Marlon Carr of Fort Road faces three counts of aggravated robbery in connection with a brazen late-night attack at a Mill Reef Club property on April 6, 2022. The case is being heard by judge alone before Justice Ann Marie Smith. Two other men were originally charged alongside Carr — Rickardo Bussawan of Villa pleaded guilty in 2024 and is serving eight and a half years in prison, while charges against Delon Wills were dropped. Carr has taken the matter to trial.
The victims — a married couple both in their seventies and a female houseguest of similar age — had returned from a party around 10 pm and were unwinding at a poolside cabana when three masked, gloved, knife-wielding men suddenly appeared.
What followed was an ordeal that ended with Jewellery, cash, iPhones, iPads, and other items valued at over US$11,000 being stolen before the men fled.
When the trial opened on Tuesday, the female houseguest took the stand. She testified that her attacker grabbed her around the neck with what she believed was a knife pressed against her and stripped jewellery from her body, including a ring belonging to her late husband that she begged him not to take.
A police witness presented photographs of the scene showing duct tape, a knife, and a bloodstain on a bed, along with images documenting bruises on two of the complainants.
A security guard’s statement read to the court also revealed that a vehicle had arrived at the club’s gate at 7:30 pm that evening, driven by a man who identified himself as Marlon Carr and stated he was there to pick someone up.
In Wednesday’s proceedings, the male homeowner told the court he was grabbed from behind and marched to a safe the robbers already appeared to know about, where he was made to enter the combination while bound. The safe did not open immediately — prior attempts to crack it had triggered a delay — and the robber accused him of entering the wrong code deliberately. When it finally opened, cash and his wife’s jewellery were taken.
He said that once the men left, he freed himself, untied the two women who were bound on a bed, locked the front door, and immediately contacted the Mill Reef Club manager.
Security arrived within about 15 minutes.
His wife testified that she too was seized from behind, forced to open a different safe from which her iPad was taken, and then thrown onto a bed and bound. The men tried to pull rings from her fingers, stopping only because her fingers were too swollen.
The sharpest evidence on Wednesday, however, came from a statement Carr gave police, which an officer read aloud in court. Carr initially told investigators he had gone to Mill Reef to meet a female friend visiting from England, waited alone in his car for more than two hours, and left when she never appeared.
That version of events did not hold. By the end of the interview, Carr admitted he had actually driven a group of friends to Mill Reef, grew impatient waiting and walked toward the house, and when the men grabbed the women and one victim tried to flee and fell, he helped hold her down. He said he panicked and left, and that when the others offered him a cut of the stolen money, he refused. He told investigators the others wore masks while he did not, and that he was unarmed, though he believed the others carried knives.

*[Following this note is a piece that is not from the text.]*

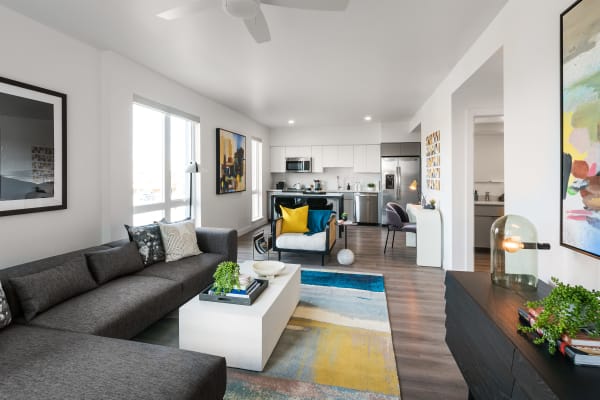 Spacious living room and upgraded kitchen space at Hudson on Farmer in Tempe, Arizona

The defence used cross-examination to raise the possibility that someone with intimate knowledge of the property was involved. The male homeowner acknowledged the men moved through the home with purpose, knowing exactly where the safe was, and confirmed that household staff — including a housekeeper and a chef — would have been well familiar with the property and the family’s schedule.
He also confirmed that a woman who had worked at the property was later identified as both the daughter of a staff member and the wife of one of the former co-accused. His wife agreed the men appeared to know exactly where they were going but testified that she later learned the men had already been inside the house attempting to access the safe before they ever approached the cabana.